Scaling (geometry)
In affine geometry, uniform scaling (or isotropic scaling[1]) is a linear transformation that enlarges (increases) or shrinks (diminishes) objects by a scale factor that is the same in all directions. The result of uniform scaling is similar (in the geometric sense) to the original. A scale factor of 1 is normally allowed, so that congruent shapes are also classed as similar. Uniform scaling happens, for example, when enlarging or reducing a photograph, or when creating a scale model of a building, car, airplane, etc.
More general is scaling with a separate scale factor for each axis direction. Non-uniform scaling (anisotropic scaling) is obtained when at least one of the scaling factors is different from the others; a special case is directional scaling or stretching (in one direction). Non-uniform scaling changes the shape of the object; e.g. a square may change into a rectangle, or into a parallelogram if the sides of the square are not parallel to the scaling axes (the angles between lines parallel to the axes are preserved, but not all angles). It occurs, for example, when a faraway billboard is viewed from an oblique angle, or when the shadow of a flat object falls on a surface that is not parallel to it.
When the scale factor is larger than 1, (uniform or non-uniform) scaling is sometimes also called dilation or enlargement. When the scale factor is a positive number smaller than 1, scaling is sometimes also called contraction or reduction.
In the most general sense, a scaling includes the case in which the directions of scaling are not perpendicular. It also includes the case in which one or more scale factors are equal to zero (projection), and the case of one or more negative scale factors (a directional scaling by -1 is equivalent to a reflection).

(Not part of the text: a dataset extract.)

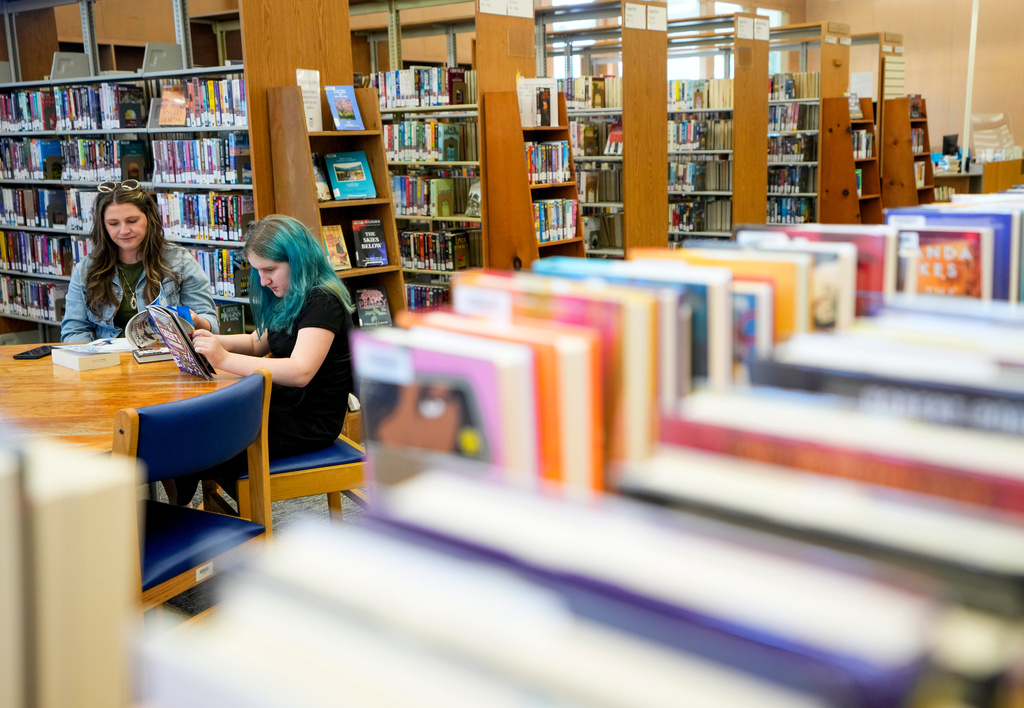 FILE - A mother and daughter read at the Josephine Community Library in Grants Pass, Ore., on May 18, 2023. (AP Photo/Lindsey Wasson, File)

Scaling is a linear transformation, and a special case of homothetic transformation (scaling about a point). In most cases, the homothetic transformations are non-linear transformations.
Uniform scaling[edit]
A scale factor is usually a decimal which scales, or multiplies, some quantity. In the equation y = Cx, C is the scale factor for x. C is also the coefficient of x, and may be called the constant of proportionality of y to x. For example, doubling distances corresponds to a scale factor of two for distance, while cutting a cake in half results in pieces with a scale factor for volume of one half. The basic equation for it is image over preimage.
In the field of measurements, the scale factor of an instrument is sometimes referred to as sensitivity. The ratio of any two corresponding lengths in two similar geometric figures is also called a scale.